▶ **ACTION ITEM**
For each record below, output its text exactly and skip any picture.

━━━ EXTRACTED MATERIAL ━━━

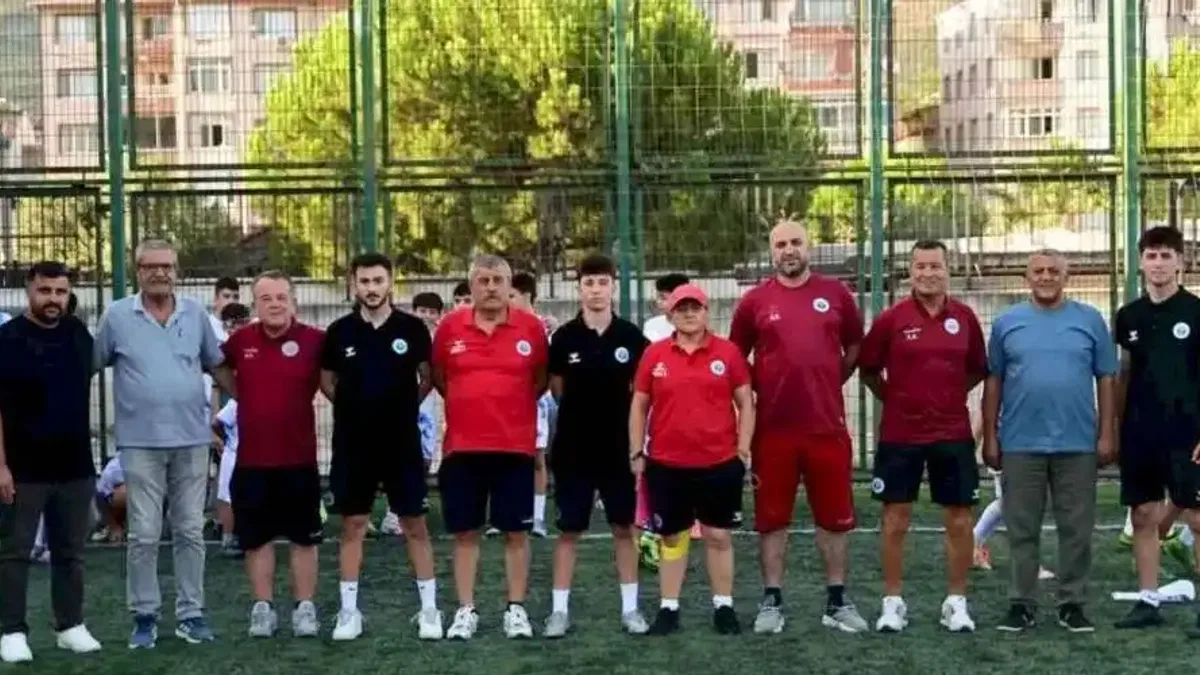 Bursa Gemlik'te yaz tatili sporla değerlendiriliyor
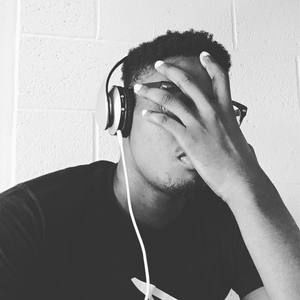 Meet your Posher, Derrick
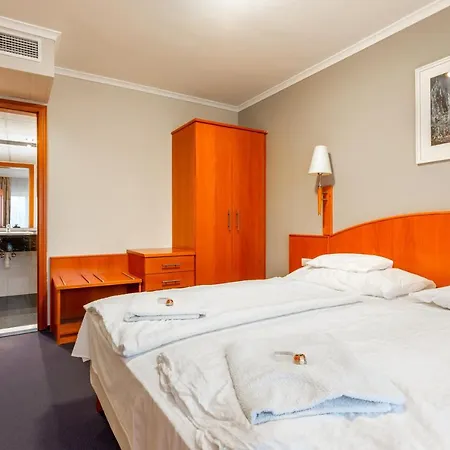 فندق Szonyi Garden Pest 3*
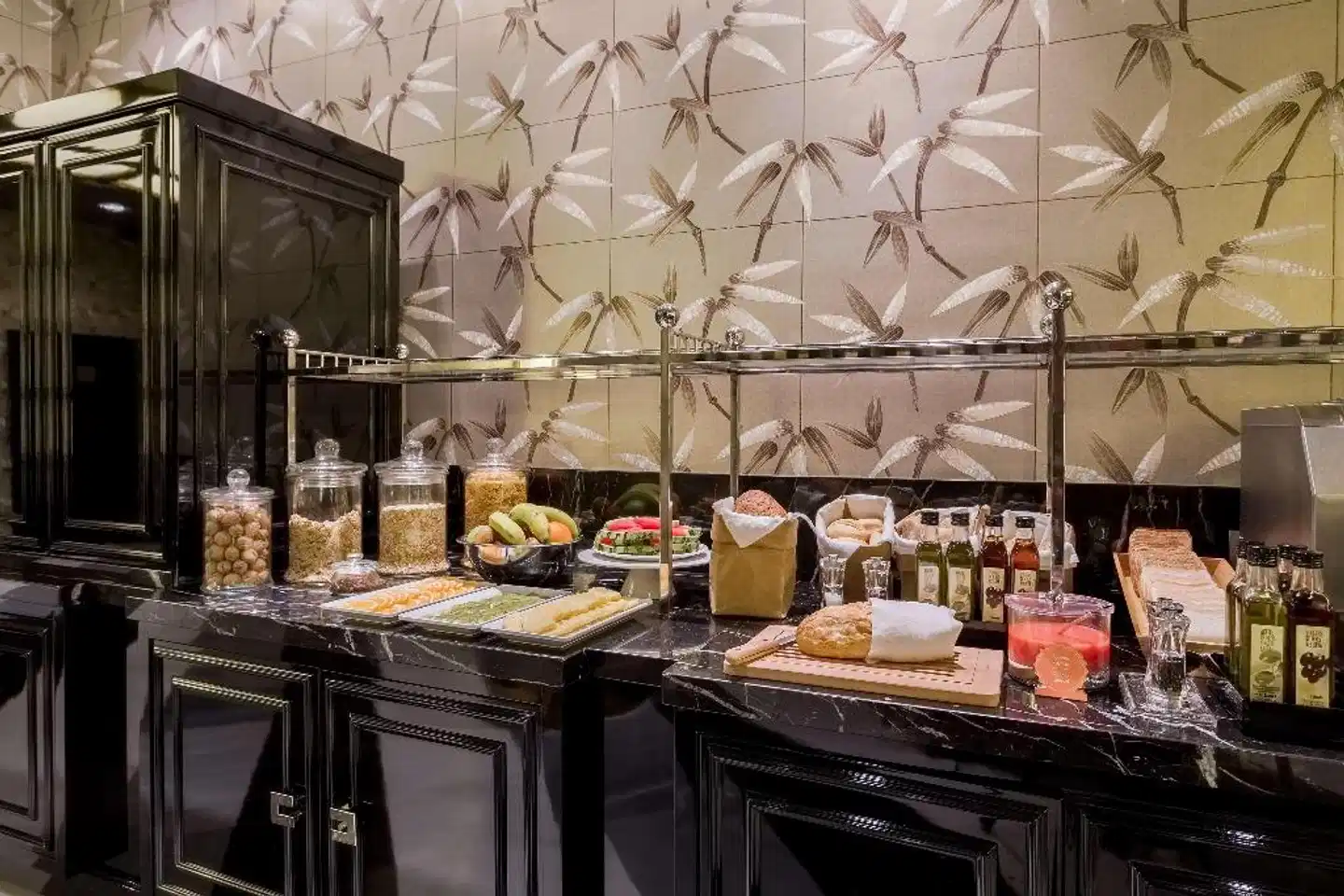 Room Mate Anna Restaurant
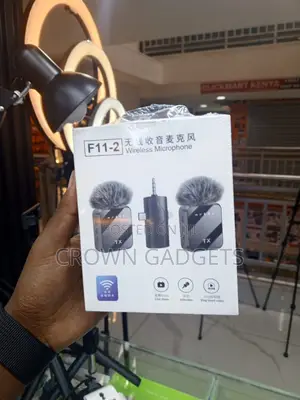 F11-2 Wireless Microphone With Type-C Lightning 3.5mm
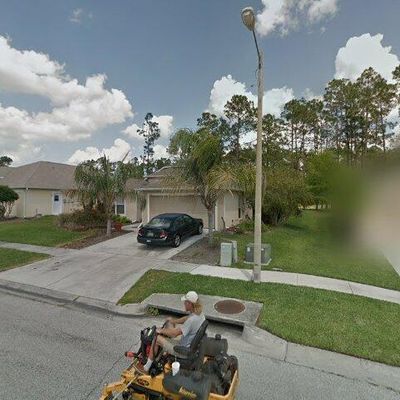 5526 Braddock Dr, Zephyrhills, FL 33541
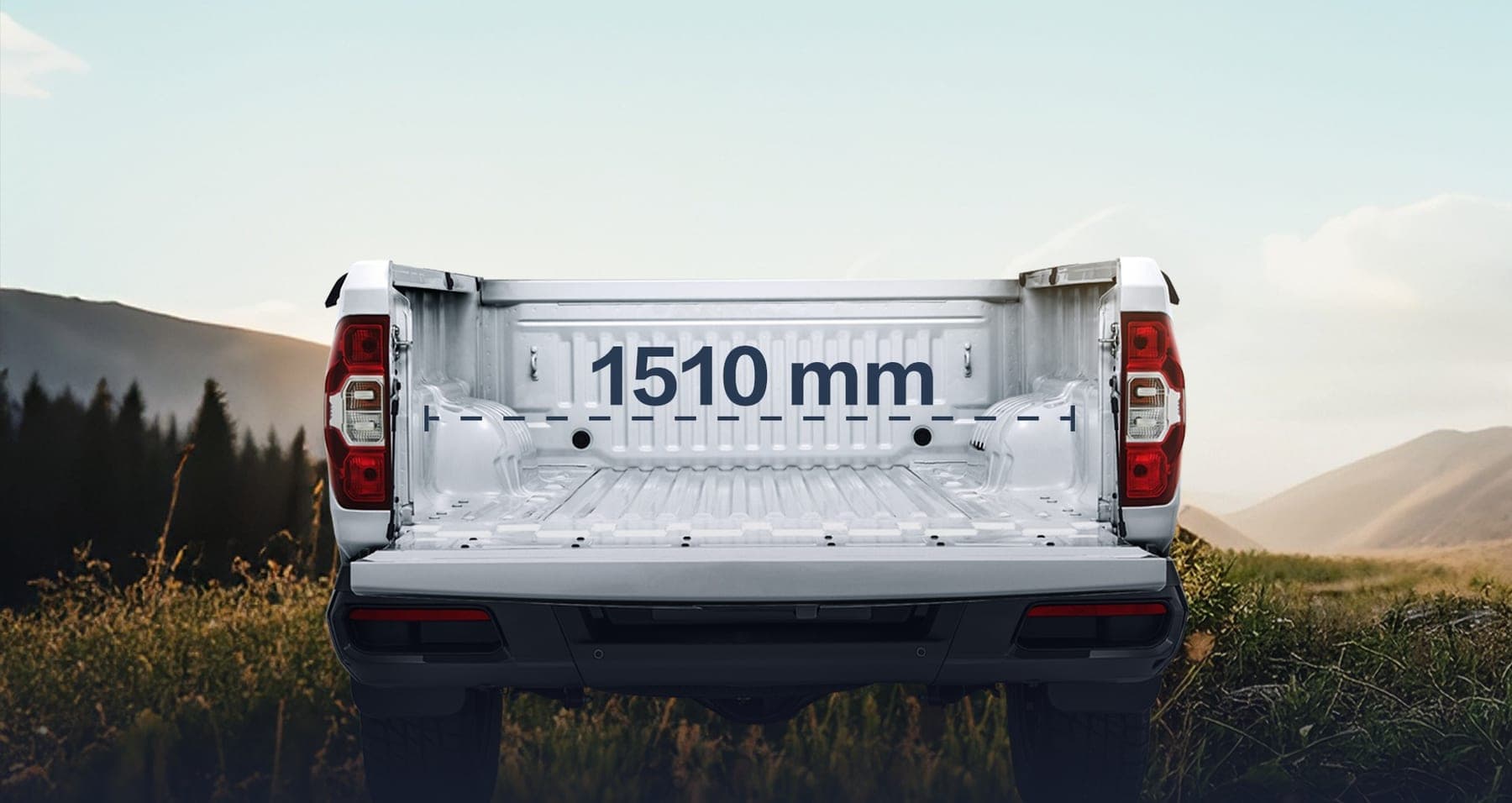 MAXUS Interstellar L 2026 — Pick-up diesel double cabine pour l'export, benne montrant la largeur de chargement de 1 510 mm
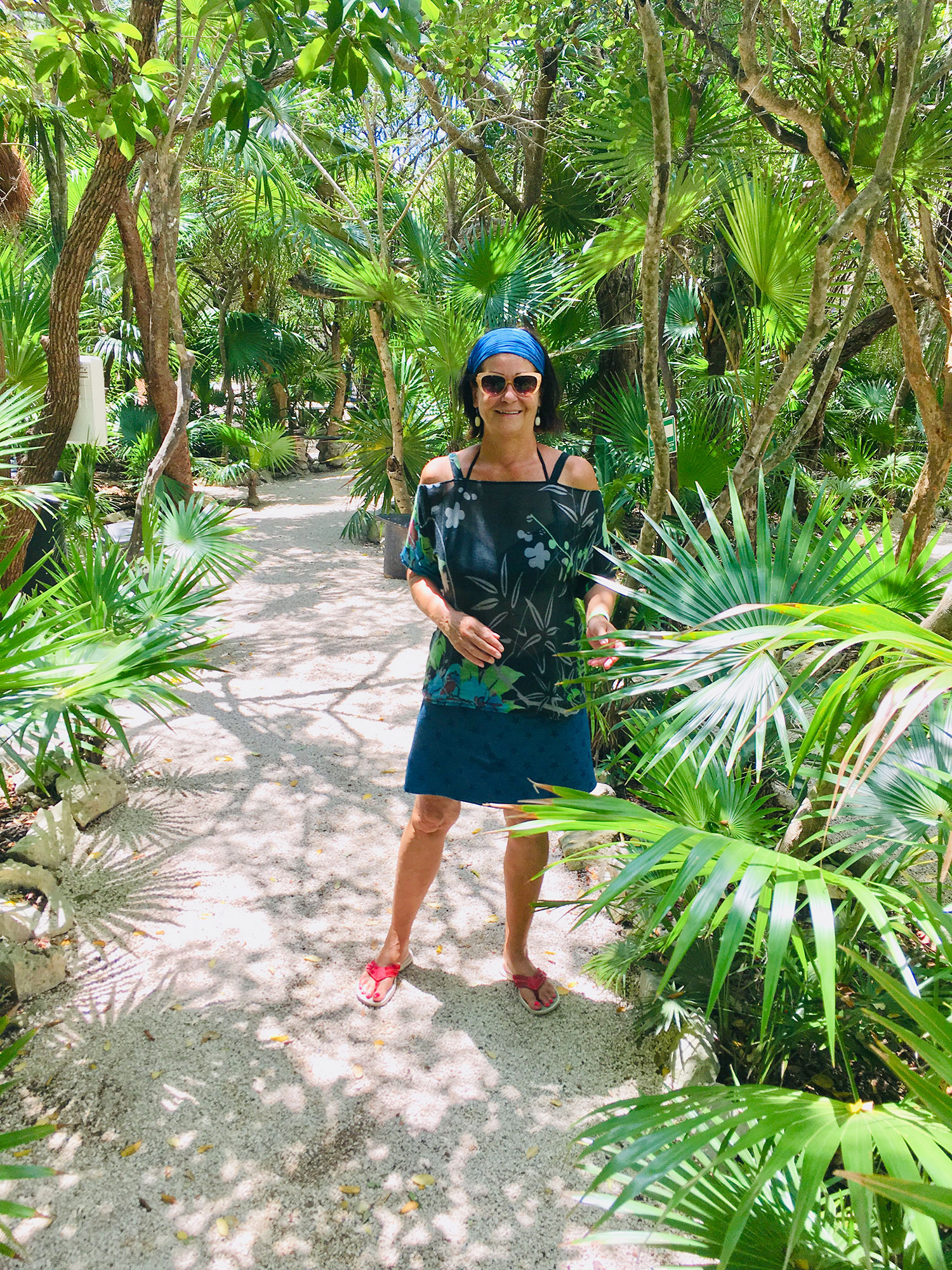 Hammocks_and_Ruins_What_to_Do_Yucatan_jungle_lake_cenote_Yal_Ku_8.jpg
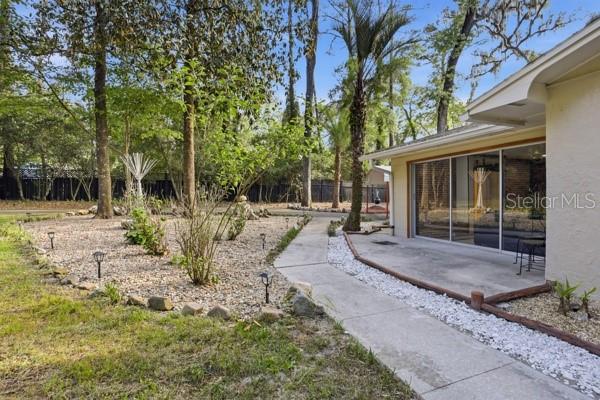 Front walkway - 3630 NW 136TH ST, GAINESVILLE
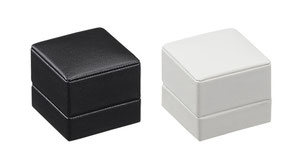 ブラック：黒箱付　ホワイト：白箱付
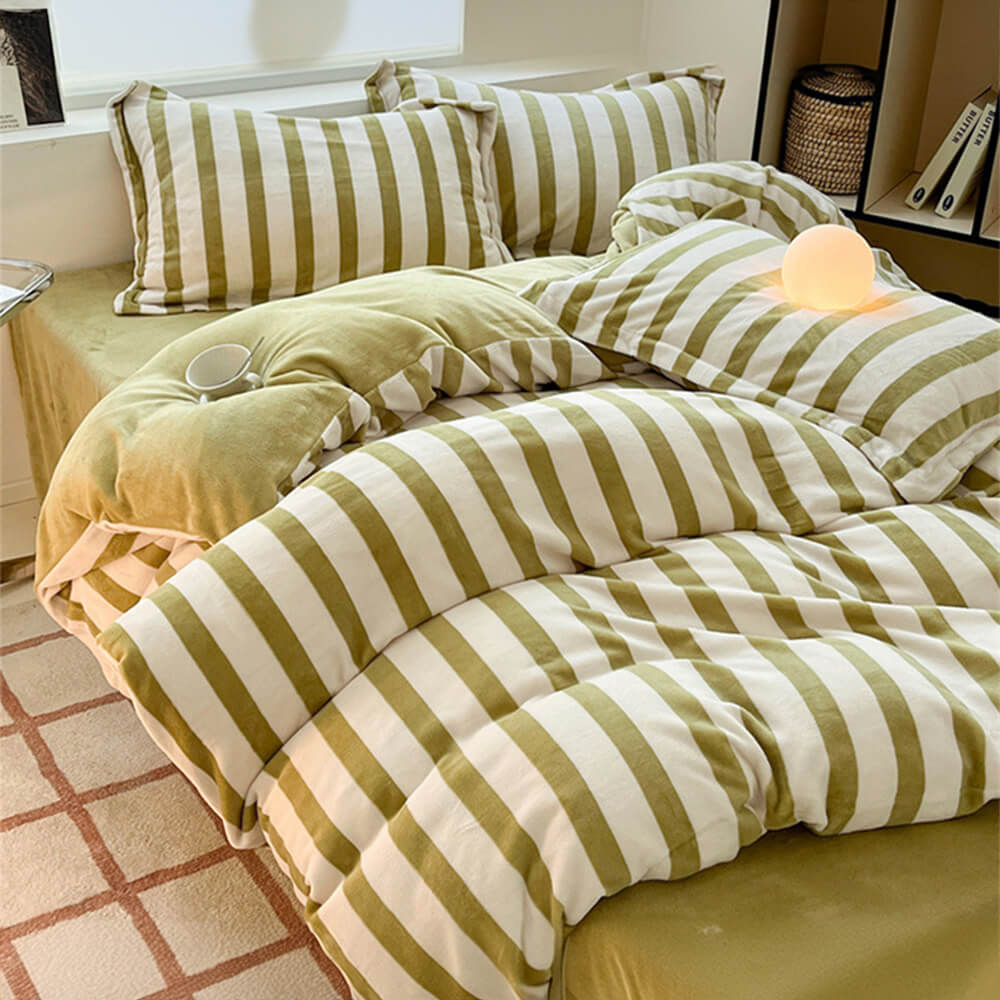 Juego de cama de terciopelo de la leche a cuadros antiestática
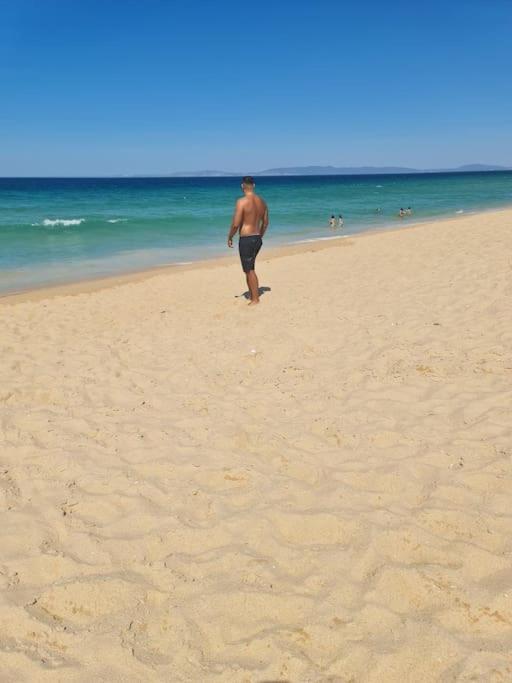 "Linda'S Guest House" Beach House With Private Patio & Hot Tub, 3 Min From The Beach Costa da Caparica Exterior foto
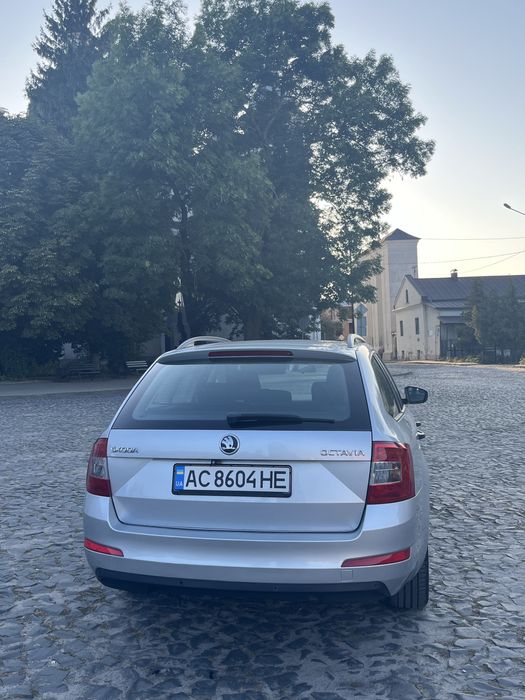 Автомобіль Skoda Octavia 2014 1.6 tdi універсал Шкода Октавія Дизель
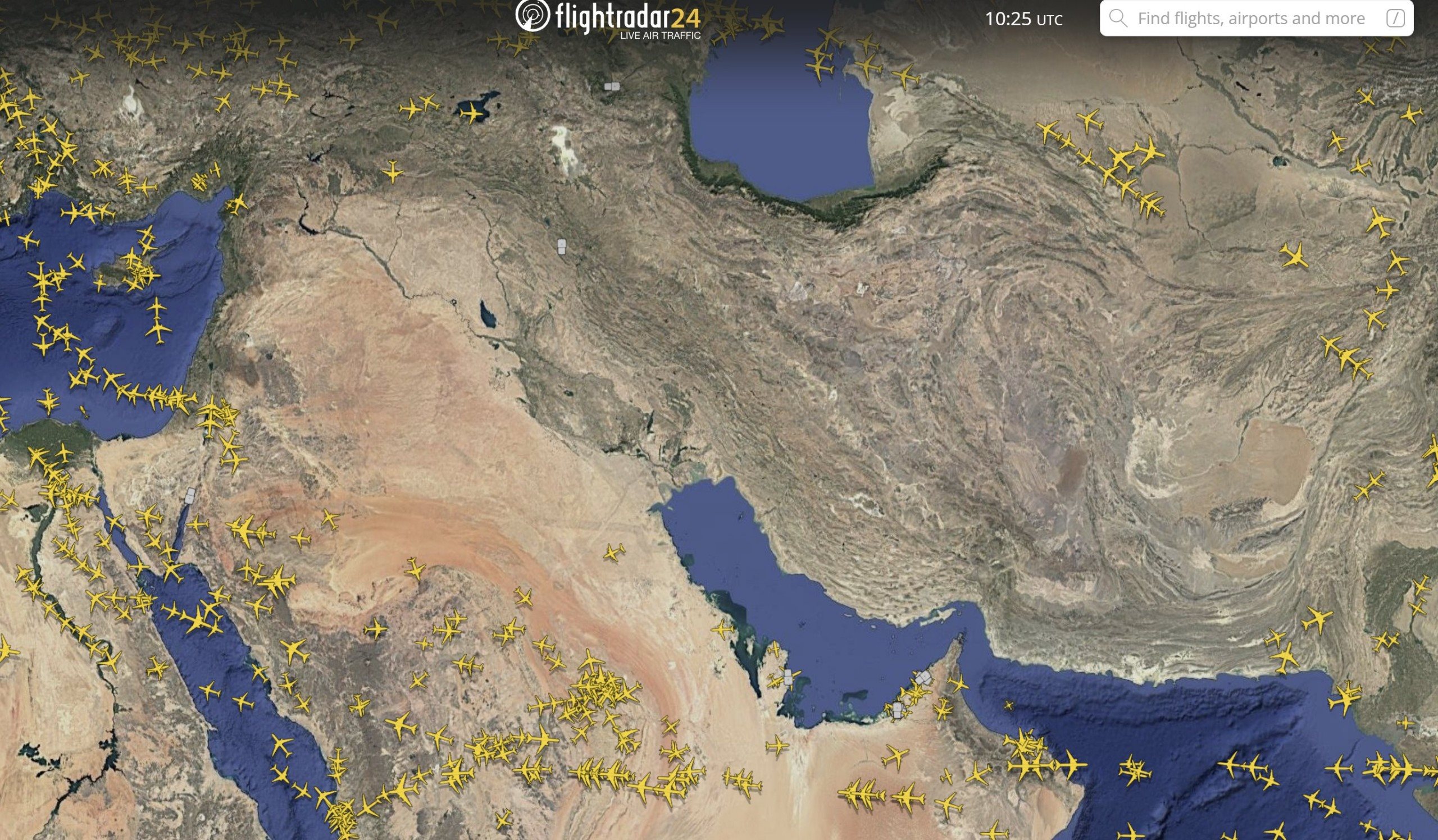 Tensão provocou o fechamento de espaços aéreos na região e afetou um dos corredores mais movimentados da aviação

━━━

▶ **TASK RESULT**
 Bursa Gemlik'te yaz tatili sporla değerlendiriliyor
 Meet your Posher, Derrick
 فندق Szonyi Garden Pest 3*
 Room Mate Anna Restaurant
 F11-2 Wireless Microphone With Type-C Lightning 3.5mm
 5526 Braddock Dr, Zephyrhills, FL 33541
 MAXUS Interstellar L 2026 — Pick-up diesel double cabine pour l'export, benne montrant la largeur de chargement de 1 510 mm
 Hammocks_and_Ruins_What_to_Do_Yucatan_jungle_lake_cenote_Yal_Ku_8.jpg
 Front walkway - 3630 NW 136TH ST, GAINESVILLE
 ブラック：黒箱付　ホワイト：白箱付
 Juego de cama de terciopelo de la leche a cuadros antiestática
 "Linda'S Guest House" Beach House With Private Patio & Hot Tub, 3 Min From The Beach Costa da Caparica Exterior foto
 Автомобіль Skoda Octavia 2014 1.6 tdi універсал Шкода Октавія Дизель
 Tensão provocou o fechamento de espaços aéreos na região e afetou um dos corredores mais movimentados da aviação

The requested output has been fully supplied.